DATASET ENTRIES:
----

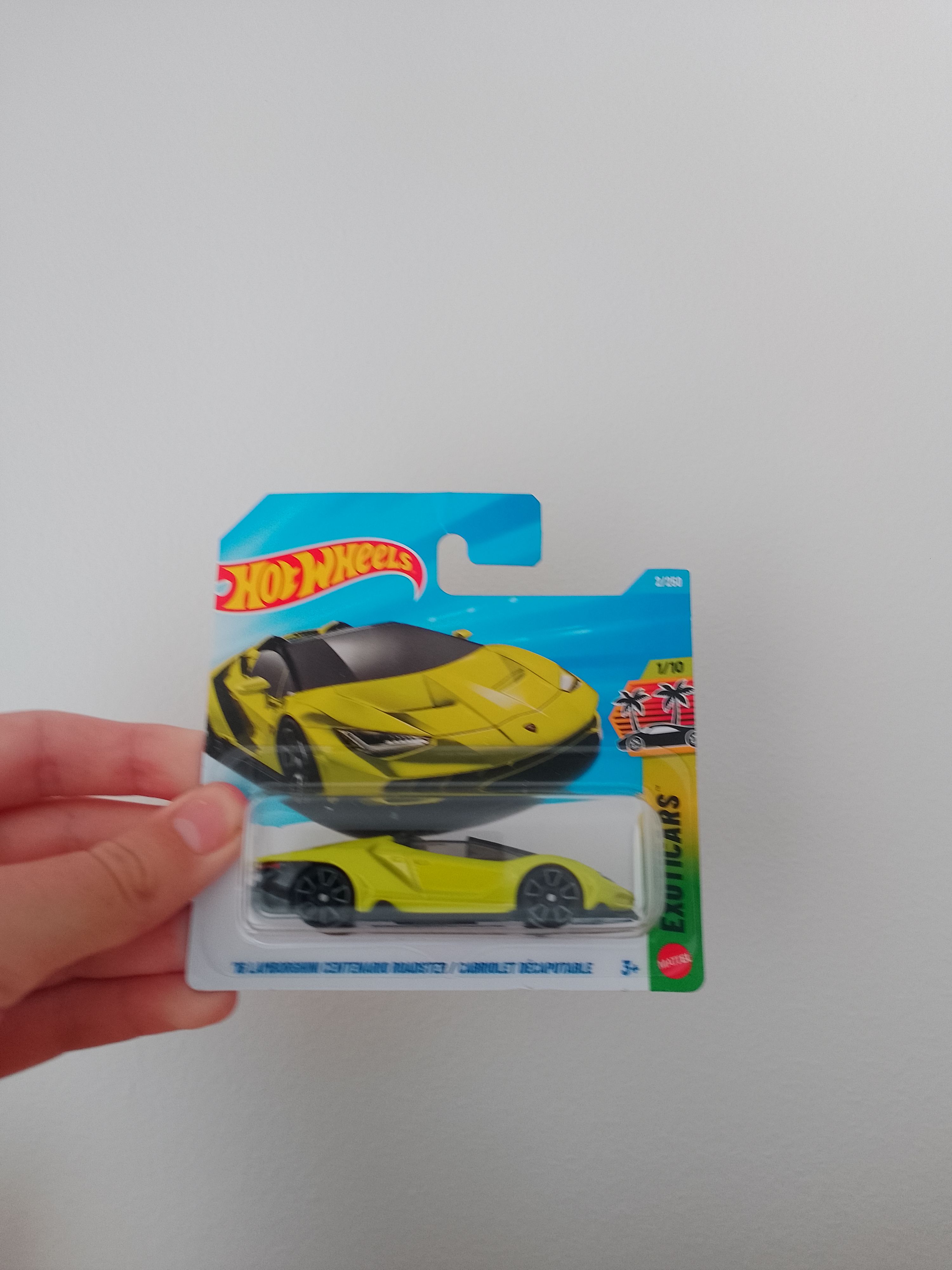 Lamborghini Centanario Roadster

----

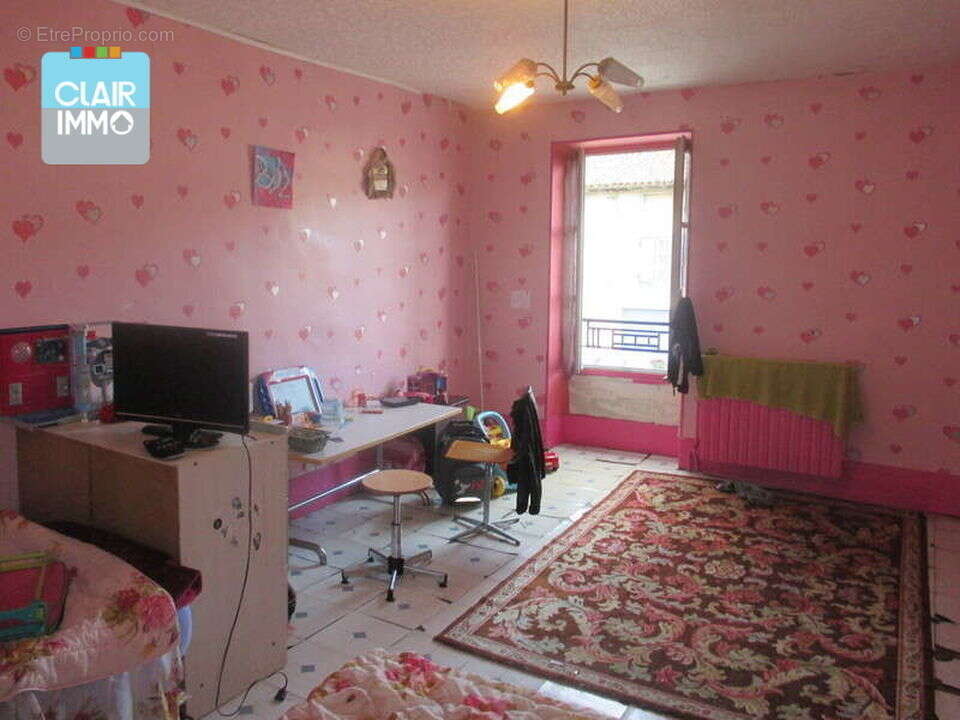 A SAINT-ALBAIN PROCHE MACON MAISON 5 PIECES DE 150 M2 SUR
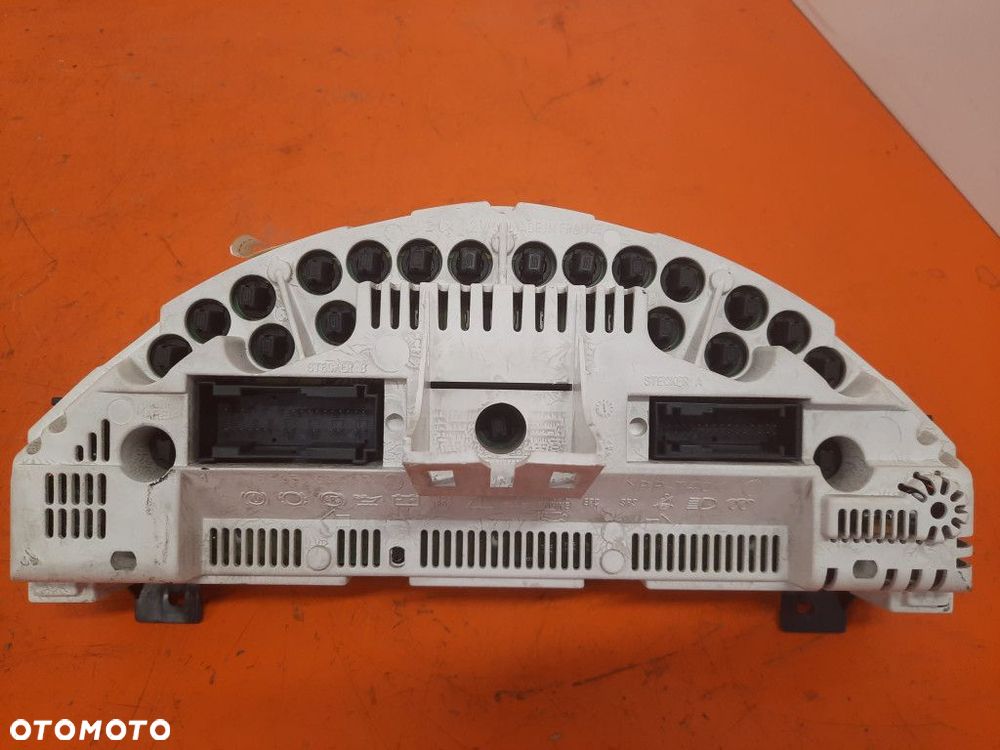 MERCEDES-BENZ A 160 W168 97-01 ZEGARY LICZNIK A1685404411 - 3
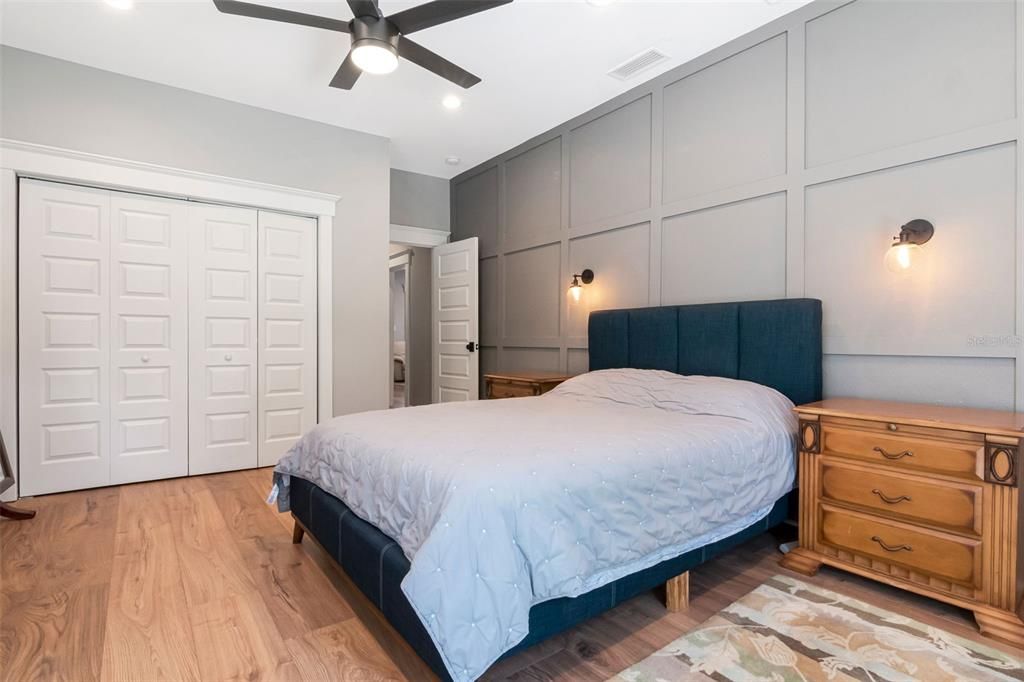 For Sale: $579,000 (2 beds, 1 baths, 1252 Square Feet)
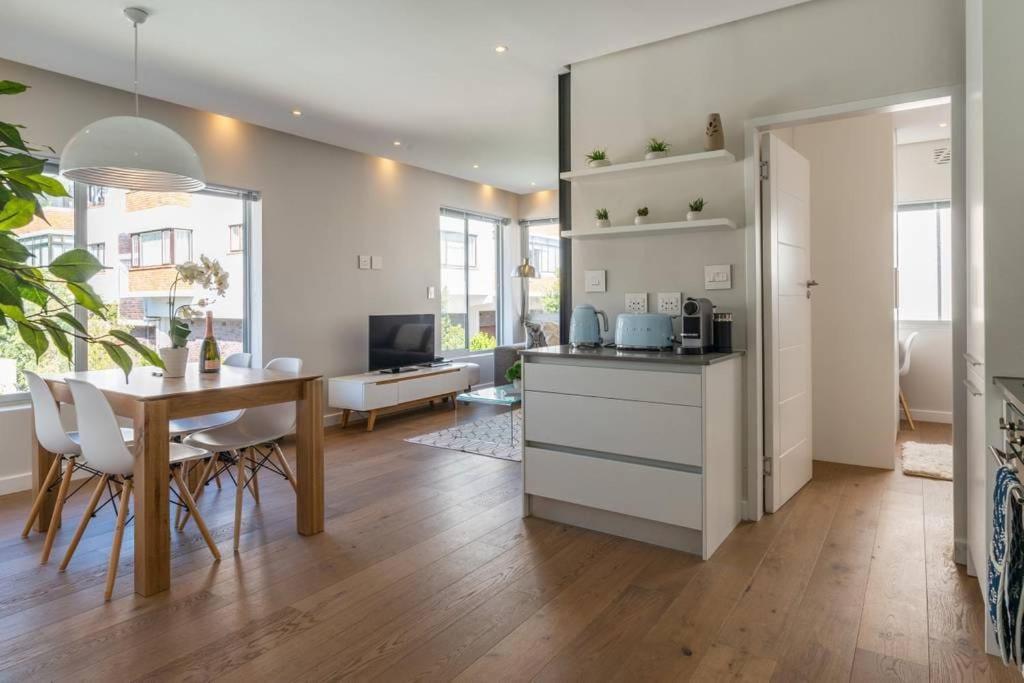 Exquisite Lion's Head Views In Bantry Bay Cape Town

----

TRY IT:
Exact copy, pictures excluded: every line above from the one containing "For Sale: $579,000" to the one containing "Exquisite Lion's Head", inclusive, and nothing more.

TASK SOLUTION:
 For Sale: $579,000 (2 beds, 1 baths, 1252 Square Feet)
 Exquisite Lion's Head Views In Bantry Bay Cape Town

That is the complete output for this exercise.